Now I'm looking for an even older book - Japan sinks by Sakyo Komatsu, but cannot get one at a decent price anywhere.  Oh well, I'll wait.

Saturday, 17 September 2011

Leafcutter bee

Added this pic of a female leafcutter bee to the other bees pages.  I love its long ginger pollen carrying hair.

Friday, 16 September 2011

Pterostichus madidus a ground beetle

Just added a photograph of Pterostichus madidus to one of the ground beetle pages.  It is similar to Pterostichus niger, except that niger is slighly bigger - though their sizes do overlap - and niger has reddish antennae and a differently shaped thorax.

Well autumn is truly here.  This is the first day this year that I have lit my wood burner in the daytime.  It is cold and rainy outside.  And as soon as I have finished this I'm off to the woods with my dog for a wet walk.  She loves it, and I confess that after the first few minutes I do too - provided I'm dressed for it.

Went to try to buy a pair of waterproof boots this morning, but failed.  Every pair of boots I buy leaks after a while - it can take weeks or up to 3 months, but the so-called waterproof boots aren't.  You can hike, trek and climb mountains, but you cannot saunter through wet grass!  I wax the leather with Nikwax, and that helps a bit, but they will leak within days in wet weather.  Consequently I have about 6 pairs in various states of drying out waiting to be waxed.

I know I should wear wellies, and I do sometimes, but I like the support that boots have, and they are much more comfortable.

Bombus pascuorm workers are still foraging off the herbs and lavender in the garden.  A few queens of terrestris and lucorum are still around, but I haven't seen any pascuorum or hortorum for days.

I've just finished reading "Thinking the unthinkable, might there be no way out for Britain" by Tim Morgan from Tullett Prebon.  Scary reading, especially after reading Adam Fergusson's When Money Dies.
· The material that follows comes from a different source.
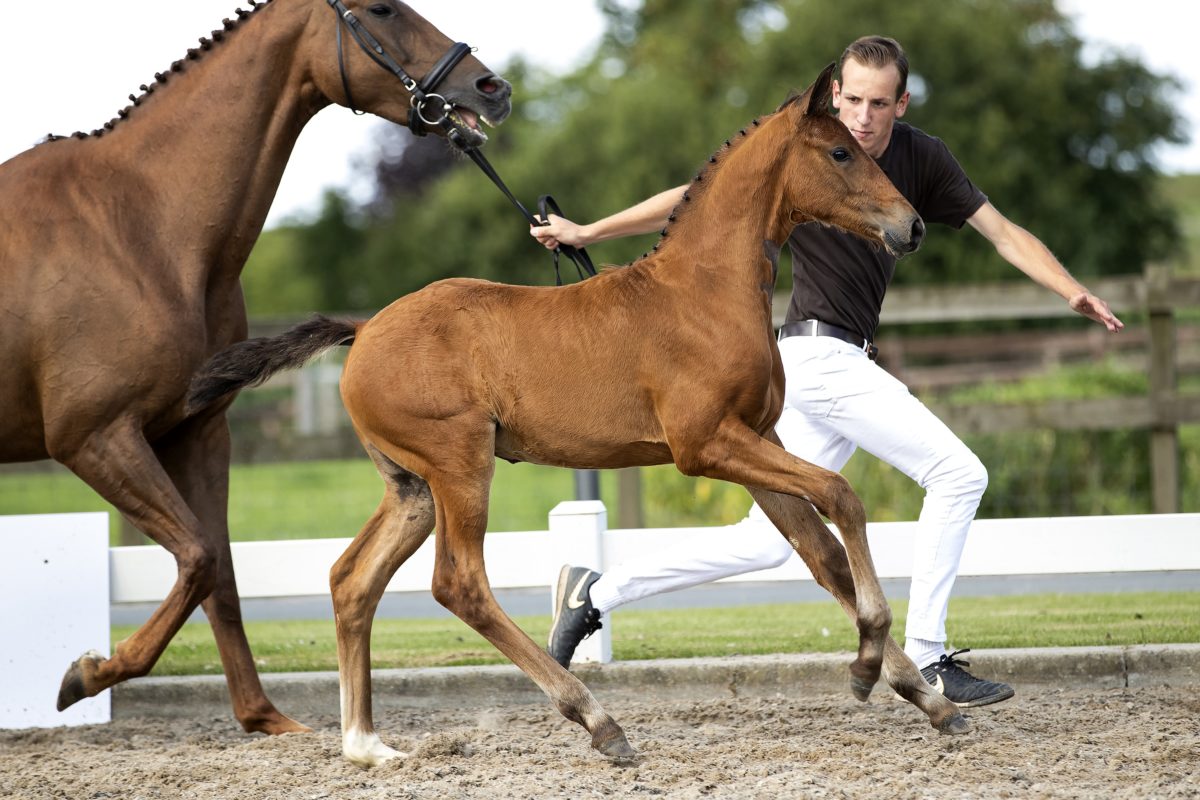 Ogranta_(Valverde X Jazz )03 small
Why don't those in power just admit how bad things are, then silly people with jobs and guaranteed final salary pensions might not want to go on strike so that others have to contribute so much more to their pension that they have none left to put into their own.

All people care about now is their entitlements.  We are not entitiled to anything.  We have responsibilities.

Taxes are there to run the country and to help the old, young and sick.  Ooh I am getting angry, but isn't it about time we paid our way?

To take a quote from one of my all time favourite books David Copperfield
“Annual income twenty pounds, annual expenditure nineteen pounds nineteen and six. Result happiness.
Annual income twenty pounds, annual expenditure twenty pounds ought and six. Result misery.”
I'm with Micawber on this, and the result is not just a miserable country, but a miserable world.

On a happier note I am just starting the the Goblet of Fire in my re-read of the Harry Potters.  And I'm glad to say I'm enjoying them as much the second time as I did the first.  I have also taken to P G Wodehouse's Jeeves and Wooster - rather late, I admit.  Perhaps it is the longing for a more innocent time.  I wish I had Bertie's standard of living and a Jeeves to look after me.

Oh well, the breadmaker has just pinged, so I'll take out the pine nut and pesto bread whose smell has been wafting from the kitchen.  Then off for a muddy walk, and back to warm bread and butter by a log fire - who am I to complain!

Monday, 5 September 2011

Silpha atrata, snail-eating beetle

This is Silpha atrata, it doesn't have a common name.  It is in the burying beetle family, but it is a snail eater.  It has a long head and a poisonous bite.  Both adults and larvae eat snails.

I found it on a woodland path in late May.  Unfortunately my dog had stood on it and killed it.  I noticed it because it was so shiny.  I imagine it had got washed out of a tree as we went for a walk after a heavy shower.  Since then I've seen a few more in the moss around the base of tree trunks and on the trunks itself.  I haven't seen one eating a snail yet though.  Perhaps they bite them then bury them.